=== Available data ===

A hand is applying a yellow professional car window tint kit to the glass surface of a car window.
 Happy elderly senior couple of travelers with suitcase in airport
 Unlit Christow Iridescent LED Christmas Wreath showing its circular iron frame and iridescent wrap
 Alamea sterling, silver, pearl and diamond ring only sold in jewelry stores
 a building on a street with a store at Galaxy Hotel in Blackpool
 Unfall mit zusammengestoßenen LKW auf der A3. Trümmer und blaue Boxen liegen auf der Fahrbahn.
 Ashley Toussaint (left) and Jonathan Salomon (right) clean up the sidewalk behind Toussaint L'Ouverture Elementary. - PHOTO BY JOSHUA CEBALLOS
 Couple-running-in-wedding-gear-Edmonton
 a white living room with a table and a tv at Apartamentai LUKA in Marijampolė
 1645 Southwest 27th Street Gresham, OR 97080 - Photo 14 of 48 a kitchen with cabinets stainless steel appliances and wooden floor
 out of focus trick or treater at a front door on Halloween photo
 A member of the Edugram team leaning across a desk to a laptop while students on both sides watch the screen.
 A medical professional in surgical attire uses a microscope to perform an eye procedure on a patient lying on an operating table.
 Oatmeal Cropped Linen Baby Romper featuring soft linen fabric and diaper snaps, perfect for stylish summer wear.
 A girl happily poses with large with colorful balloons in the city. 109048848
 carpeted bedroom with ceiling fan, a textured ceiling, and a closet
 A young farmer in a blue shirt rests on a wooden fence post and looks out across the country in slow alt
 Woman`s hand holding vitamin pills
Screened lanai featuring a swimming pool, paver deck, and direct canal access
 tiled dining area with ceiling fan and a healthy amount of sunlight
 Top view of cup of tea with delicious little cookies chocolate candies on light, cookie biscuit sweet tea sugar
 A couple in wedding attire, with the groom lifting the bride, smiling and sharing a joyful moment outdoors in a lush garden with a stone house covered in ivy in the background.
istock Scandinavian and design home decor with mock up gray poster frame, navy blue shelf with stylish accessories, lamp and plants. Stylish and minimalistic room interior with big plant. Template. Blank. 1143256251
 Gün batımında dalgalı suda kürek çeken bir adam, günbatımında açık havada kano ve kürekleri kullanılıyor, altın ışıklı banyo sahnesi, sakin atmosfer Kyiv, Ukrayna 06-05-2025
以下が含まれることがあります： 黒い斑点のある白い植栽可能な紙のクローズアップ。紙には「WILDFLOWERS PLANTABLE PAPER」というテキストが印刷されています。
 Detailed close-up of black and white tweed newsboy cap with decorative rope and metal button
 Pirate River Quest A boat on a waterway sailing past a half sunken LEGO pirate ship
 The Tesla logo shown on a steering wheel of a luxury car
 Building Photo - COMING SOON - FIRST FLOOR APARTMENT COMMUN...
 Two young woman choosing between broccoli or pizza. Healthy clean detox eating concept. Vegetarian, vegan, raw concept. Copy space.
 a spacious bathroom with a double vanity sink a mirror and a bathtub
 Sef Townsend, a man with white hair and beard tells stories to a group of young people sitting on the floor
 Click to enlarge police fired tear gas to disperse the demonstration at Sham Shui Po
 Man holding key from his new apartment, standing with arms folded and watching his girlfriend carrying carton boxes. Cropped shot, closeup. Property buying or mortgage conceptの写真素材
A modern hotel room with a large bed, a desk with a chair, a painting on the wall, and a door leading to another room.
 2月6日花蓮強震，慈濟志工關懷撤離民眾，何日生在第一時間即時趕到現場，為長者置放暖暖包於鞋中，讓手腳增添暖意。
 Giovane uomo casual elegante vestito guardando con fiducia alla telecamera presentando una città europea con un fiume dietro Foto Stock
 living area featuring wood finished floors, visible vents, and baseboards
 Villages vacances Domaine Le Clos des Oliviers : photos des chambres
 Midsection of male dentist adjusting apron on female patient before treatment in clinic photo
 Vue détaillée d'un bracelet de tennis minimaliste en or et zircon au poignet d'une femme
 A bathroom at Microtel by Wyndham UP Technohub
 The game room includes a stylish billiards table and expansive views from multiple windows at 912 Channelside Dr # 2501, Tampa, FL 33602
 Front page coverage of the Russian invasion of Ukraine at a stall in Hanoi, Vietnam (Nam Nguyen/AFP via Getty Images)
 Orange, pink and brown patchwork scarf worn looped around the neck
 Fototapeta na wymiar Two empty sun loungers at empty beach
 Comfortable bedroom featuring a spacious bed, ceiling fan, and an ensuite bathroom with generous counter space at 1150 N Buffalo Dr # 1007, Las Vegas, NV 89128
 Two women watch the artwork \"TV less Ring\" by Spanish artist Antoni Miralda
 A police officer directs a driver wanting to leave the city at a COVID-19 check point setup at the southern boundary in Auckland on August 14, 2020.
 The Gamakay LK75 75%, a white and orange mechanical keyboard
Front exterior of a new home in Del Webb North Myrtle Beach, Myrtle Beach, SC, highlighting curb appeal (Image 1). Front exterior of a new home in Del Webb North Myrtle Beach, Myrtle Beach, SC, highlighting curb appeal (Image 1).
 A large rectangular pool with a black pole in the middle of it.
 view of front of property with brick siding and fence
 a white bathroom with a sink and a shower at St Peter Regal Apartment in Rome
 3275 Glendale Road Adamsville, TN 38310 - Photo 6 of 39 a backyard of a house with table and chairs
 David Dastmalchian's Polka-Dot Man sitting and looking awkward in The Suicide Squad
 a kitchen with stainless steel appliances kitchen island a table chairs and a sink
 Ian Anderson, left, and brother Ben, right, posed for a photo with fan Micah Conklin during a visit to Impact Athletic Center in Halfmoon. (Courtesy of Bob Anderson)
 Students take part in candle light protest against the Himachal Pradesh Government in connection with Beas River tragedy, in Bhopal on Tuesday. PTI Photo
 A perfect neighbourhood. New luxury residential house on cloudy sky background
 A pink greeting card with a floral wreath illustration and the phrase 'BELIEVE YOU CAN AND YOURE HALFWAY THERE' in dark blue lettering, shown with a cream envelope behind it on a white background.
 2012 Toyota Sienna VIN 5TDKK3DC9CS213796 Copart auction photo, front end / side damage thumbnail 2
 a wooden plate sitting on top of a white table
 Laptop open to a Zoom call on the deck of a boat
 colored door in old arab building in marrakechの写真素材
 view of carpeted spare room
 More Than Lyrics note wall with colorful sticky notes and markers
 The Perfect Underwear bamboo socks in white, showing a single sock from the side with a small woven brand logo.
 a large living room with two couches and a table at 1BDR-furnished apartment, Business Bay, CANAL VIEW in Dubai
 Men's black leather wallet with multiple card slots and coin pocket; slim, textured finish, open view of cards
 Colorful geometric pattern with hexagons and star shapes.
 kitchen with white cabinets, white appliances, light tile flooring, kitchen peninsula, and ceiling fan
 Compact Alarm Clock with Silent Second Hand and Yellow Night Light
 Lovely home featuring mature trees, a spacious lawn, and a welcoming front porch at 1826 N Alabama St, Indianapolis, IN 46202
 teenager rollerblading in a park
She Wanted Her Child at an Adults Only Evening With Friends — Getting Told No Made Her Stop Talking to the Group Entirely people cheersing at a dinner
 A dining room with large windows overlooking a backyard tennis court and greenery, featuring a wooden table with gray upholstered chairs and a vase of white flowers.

===

### Exercise instructions:
Please transcribe exactly the lines above from the line that has "Unfall mit zusammengestoßenen" up to and including the line that has "out of focus"; no other line belongs in the answer.

### Response below:
 Unfall mit zusammengestoßenen LKW auf der A3. Trümmer und blaue Boxen liegen auf der Fahrbahn.
 Ashley Toussaint (left) and Jonathan Salomon (right) clean up the sidewalk behind Toussaint L'Ouverture Elementary. - PHOTO BY JOSHUA CEBALLOS
 Couple-running-in-wedding-gear-Edmonton
 a white living room with a table and a tv at Apartamentai LUKA in Marijampolė
 1645 Southwest 27th Street Gresham, OR 97080 - Photo 14 of 48 a kitchen with cabinets stainless steel appliances and wooden floor
 out of focus trick or treater at a front door on Halloween photo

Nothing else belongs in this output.